Dual process theories of information, such as the heuristic-systematic model (HSM²²), posit two paths that are involved in information processing: one through the use of heuristics and the other through deeper processing of the information content. The heuristic route involves the use of mental shortcuts to make judgements in information processing, whereas the systematic route involves deliberate and careful processing of the information, which requires people to engage in analytical thinking about the information provided²². The model posits that heuristic and systematic processing are not mutually exclusive and can co-exist²³. To determine the extent of information processing that a person may engage in, the model proposes that people try to be as efficient as possible, using the less effortful mode of processing when possible²³, and that people may consider additional effort when they experience a gap between their actual and desired confidence in the information²⁴. The bigger the gap, the more likely a person is to engage in systematic processing, trading-off effort with confidence²⁵.
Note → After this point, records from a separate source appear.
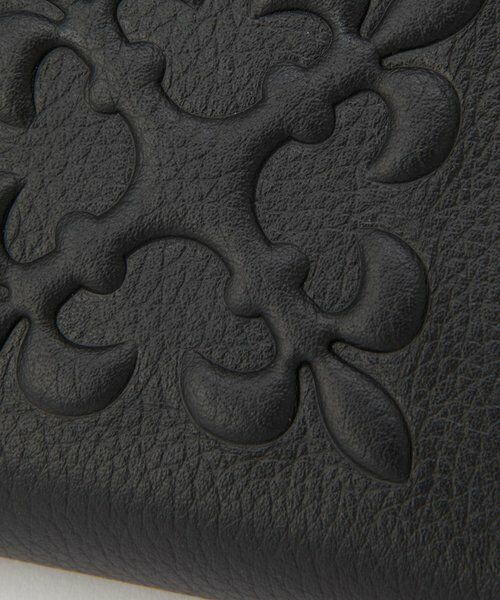 russet / ラシット 財布・コインケース・マネークリップ | エンボスモノグラムハーフウォレット | 詳細10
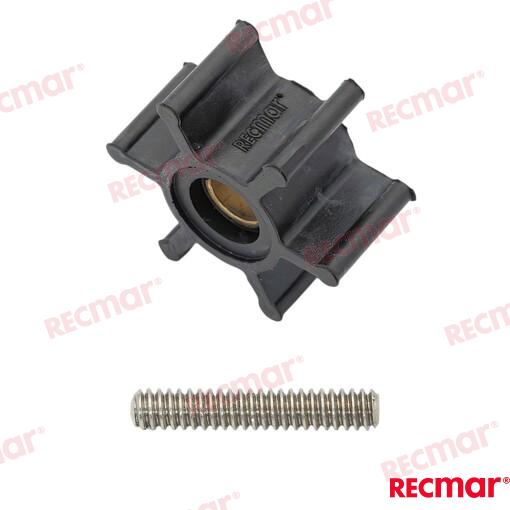 Water Pump Impeller OEM: Sole Diesel: 312.11.008, 31211008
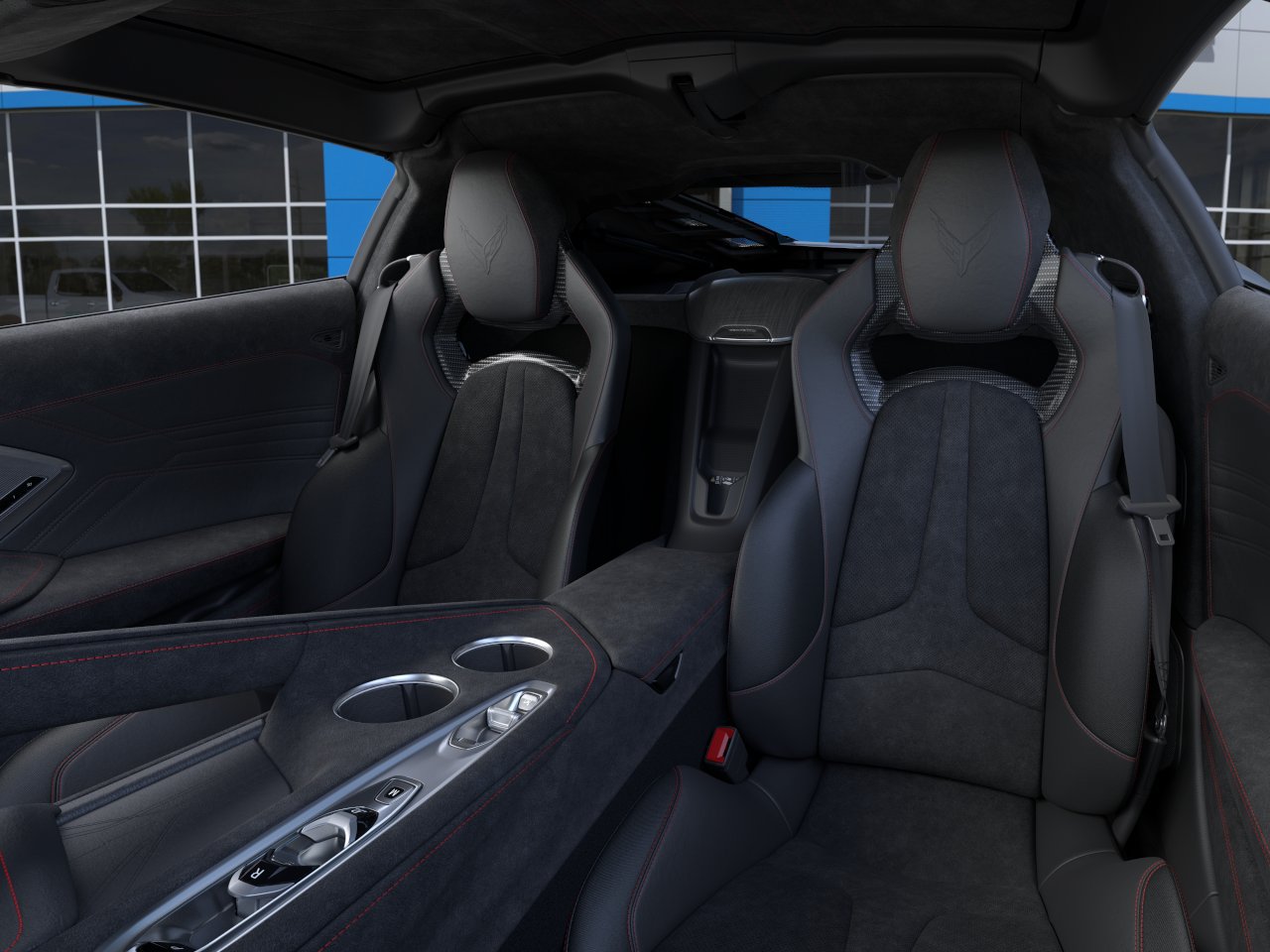 New 2027 Chevrolet Corvette Z06 RWD image 17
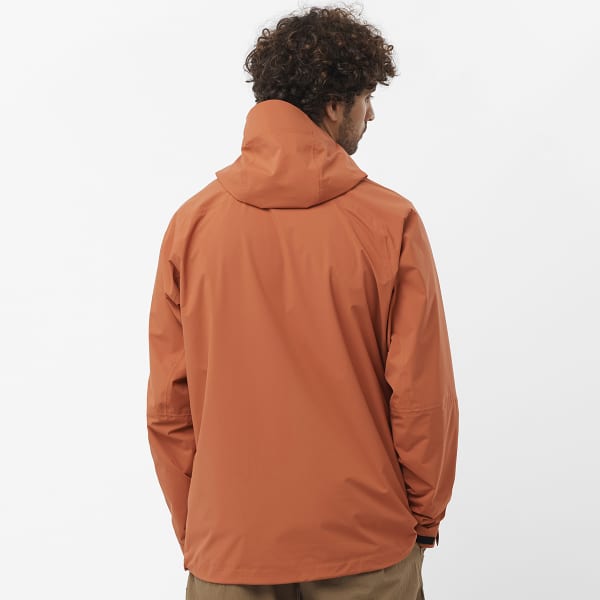 Veste randonnée SALOMON OUTERPATH 2.5L WP JKT M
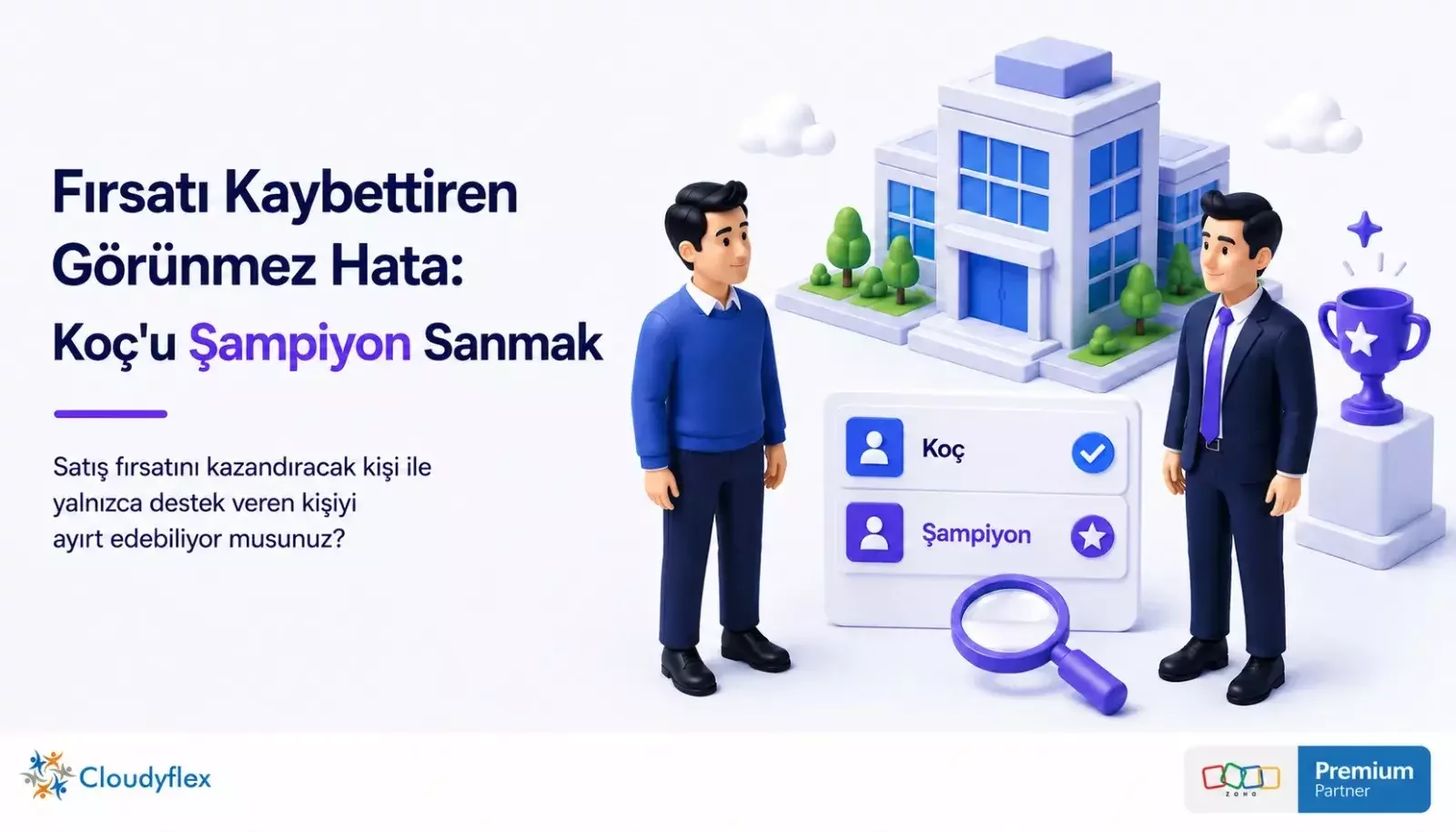 Fırsatı Kaybettiren Görünmez Hata: Koç'u Şampiyon Sanmak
One assumption in the study of false information is that consumers will default to cognitive biases (such as confirmation bias²⁶) and personal heuristics in processing information²⁷. Indeed, a significant amount of prior work has shown that attributes of the information itself and how that information is perceived by the consumer can significantly impact information trust. For example, trust may change based on the source of the information, the coherency/familiarity/fluency of the information, the writing style, or the information’s alignment with prior beliefs²⁸. More recent studies suggest that warning label interventions are also commonly used heuristics that can be broadly effective in shifting information trust and sharing behaviors³. In fact, it may be that relying on warning labels has become the default decision heuristic rather than other information-based heuristics or cognitive biases because of their ecological rationality.

Ecologically rational heuristics are a subset of heuristics that are effective within a particular environment. The study of ecological rationality examines the environmental structures that make such heuristics under conditions of uncertainty²⁹. Specifically, the ecological rationality perspective emphasizes the fit between the heuristic chosen and the requirements of the task, and it seeks those situations in which the heuristic performs better than more complex strategies³⁰. For example, the recognition heuristic can be considered an ecologically rational heuristic (ERH) if it leads to correct decisions over half of the time within a particular environment²⁹. Similarly, warning labels can be considered ecologically rational under specific media environments if they consistently lead to correct judgements of news veracity.

Building on the notion of ERH, we can examine the effect of rational adaptation to our media environments on trust in warning labels. To the best of our knowledge, currently deployed human-labor warning labels systems are quite successful, with errors being somewhat rare, although they do occur³¹. Hence, if adherence to content warning labels frequently leads to correct decisions in our current media systems, information consumers may form ERH using those labels. In other words, the heuristic “trust a warning label” may provide the desired confidence in the information with reasonably low effort. Hence, it would be considered an ERH; utilizing this heuristic is expected to result in better outcomes than employing more complex decision strategies or other heuristics. Note that this does not preclude information consumers from engaging in systematic processing of the information if deemed necessary for sufficient confidence in the information. It simply allows them to exert less effort in processing the information through the heuristic processing path.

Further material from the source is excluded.